Safety Hazards Can Be Anywhere

Lyman-Richey Corporation Materials Coordinator Jennifer Rourke places a three-points-of-contact sticker near an unmarked ladder at the corporate office.

Lyman-Richey Corporation Materials Coordinator Jennifer Rourke places a three-points-of-contact sticker near an unmarked ladder at the corporate office.

It’s easier to recognize potential safety hazards when you’re around big equipment with lots of gears, buttons, and switches.

But jobsites and plants with heavy industrial equipment aren’t the only places accidents occur.

Even though we think more of the plants and equipment when we talk about safety, there are opportunities to look for and address issues at the corporate office, too.
— Jennifer Rourke

Lyman-Richey Corporation Materials Coordinator Jennifer Rourke was walking up the stairwell when she noticed a possible safety issue.

“We had a discussion about placing three-points-of-contact stickers on our trucks and ladders at the plants, and this ladder to the roof caught my eye.”

She mentioned the ladder to Jarod Hendricks, Lyman-Richey Corporation’s Vice President of Concrete, and now there’s a sticker reminding people to use three points of contact whenever they go up and down the ladder.

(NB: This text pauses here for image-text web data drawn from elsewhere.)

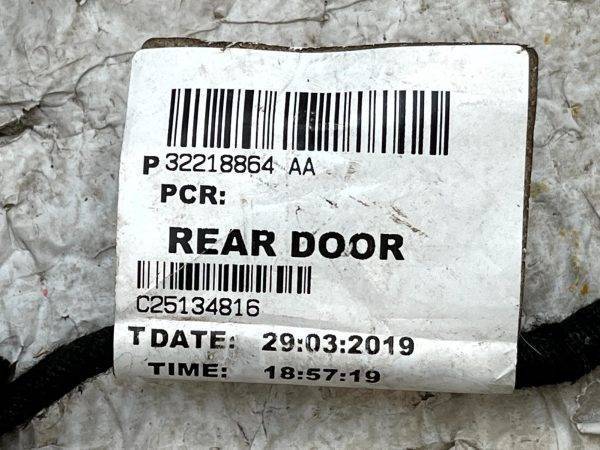 Volvo XC40 Rear Right Side Door Wiring Loom Harness 2017 ON 872858541 Genuine 178448430750 20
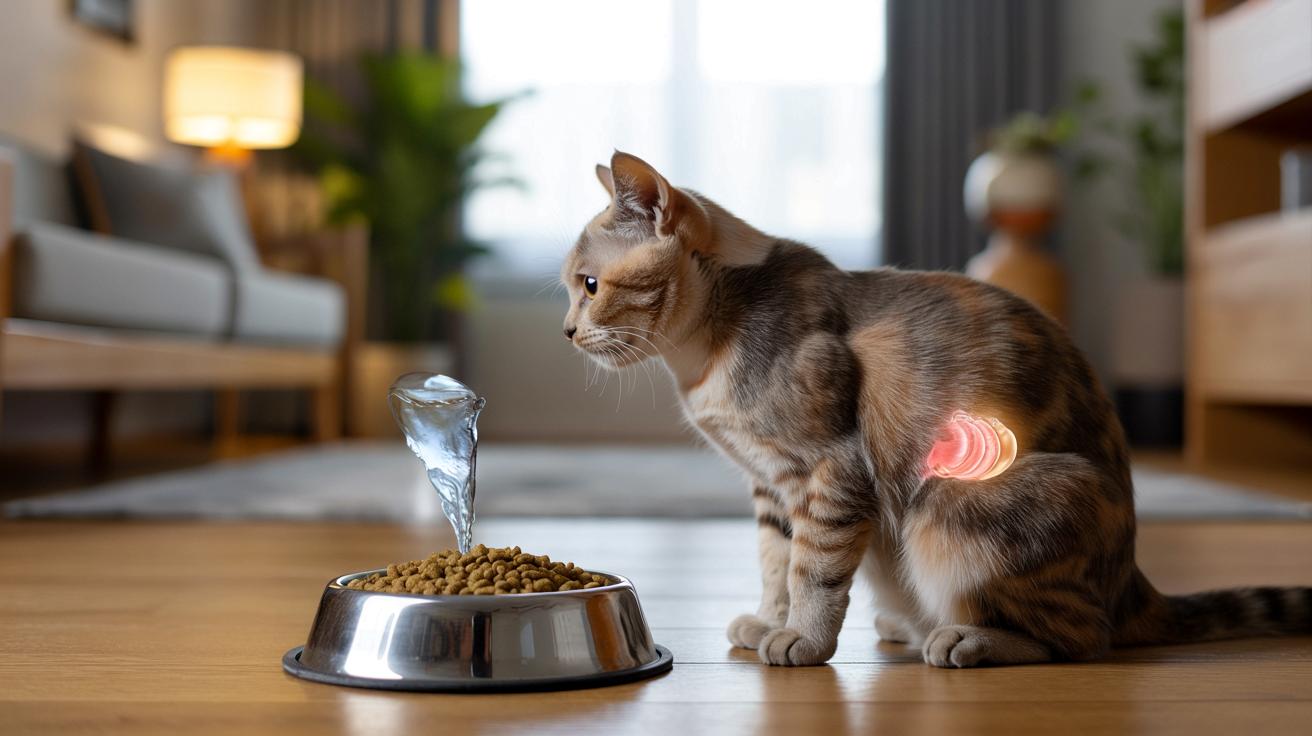 Twój kot ignoruje miskę z wodą? Ten błąd cicho niszczy jego nerki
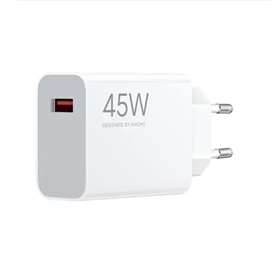 شارژر دیواری شیائومی MDY-17-EF رو کارتونی 45 وات Xiaomi MDY-17-EF 45W USB-A Wall Charger
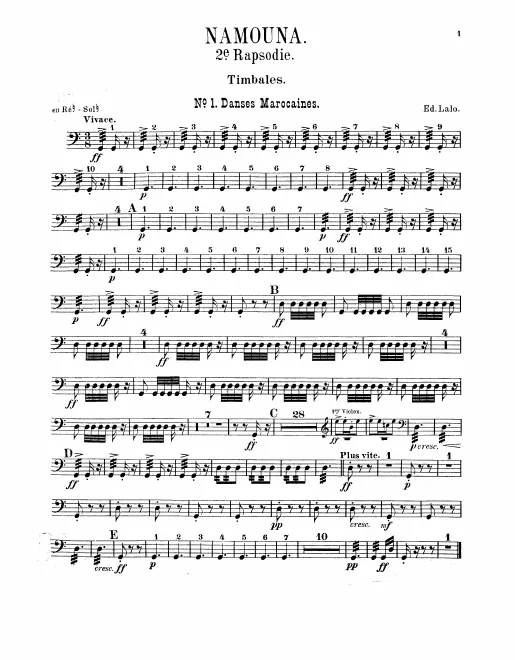 Timpani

”Even though we think more of the plants and equipment when we talk about safety, there are opportunities to look for and address issues at the corporate office, too,” Rourke said.

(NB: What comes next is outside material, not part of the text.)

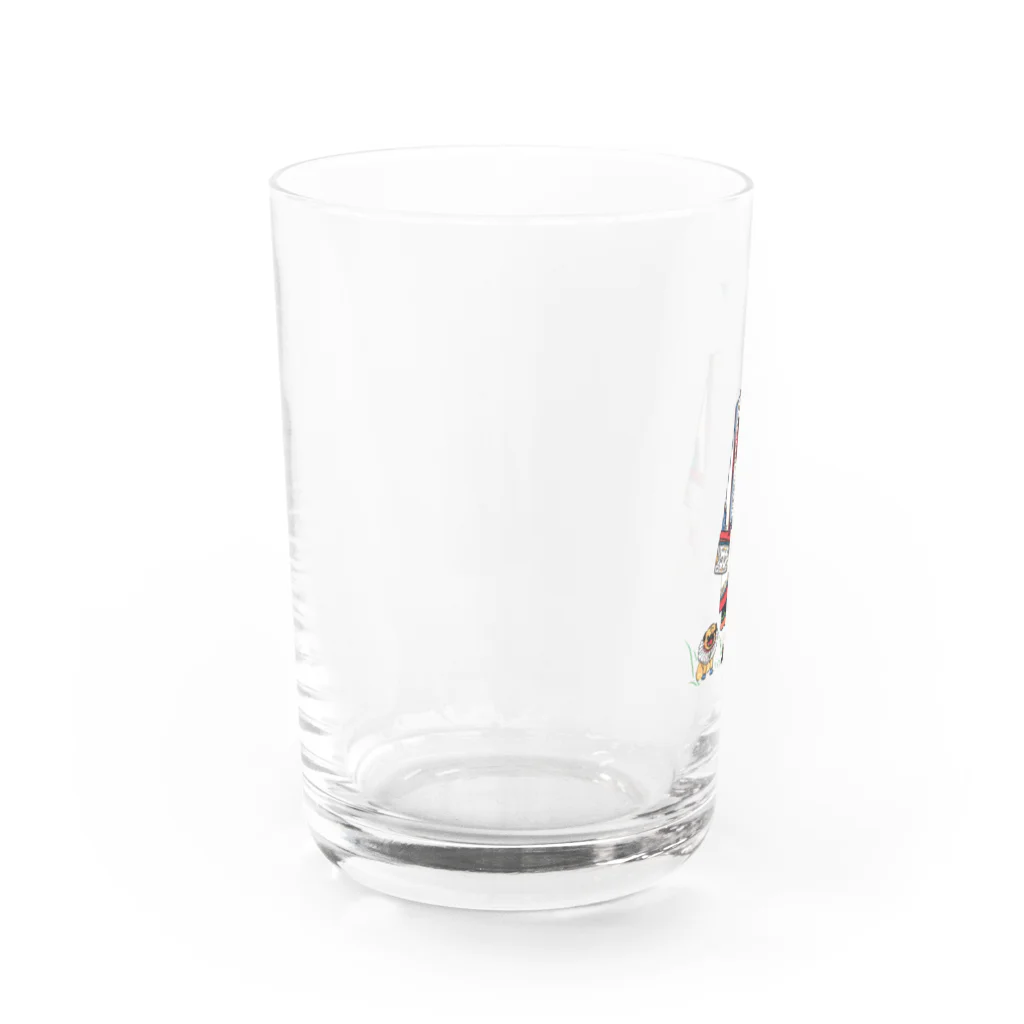 大津萌乃の異国のお土産 Water Glass :left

According to the National Safety Council, the top workplace injury event resulting in lost work days is actually overexertion, which is usually associated with lifting or lowering objects or repetitive motions. Those kinds of actions and motions happen in office settings all the time.

And slips, trips, and falls make up 1/4 of workplace injuries — again, hazards and dangers that can be found in offices and jobsites alike.

“We have all heard the message, ‘When I see something, I will stop and do something,’ or ‘Put safety first,” and I believe we all have encountered moments throughout our day or week where we have made a safety observation,” Hendricks said. “The big question is did we do something about that observation or did we let the moment pass?”

Hendricks said Rourke also noticed that a toaster in the kitchen area was malfunctioning and tripping the GFI circuit, a hazard in many ways.

“Both of these safety observations could have easily been overlooked, but thanks to our ‘Office Safety Champion,’ Jennifer Rourke, both were correctly identified and evaluated with preventative action steps taken to eliminate the potential hazards. Jennifer’s observation and action is a great example that we don’t have to be working at a production facility or project site to champion safety. We can make safety a priority wherever we are, even right here at the office.”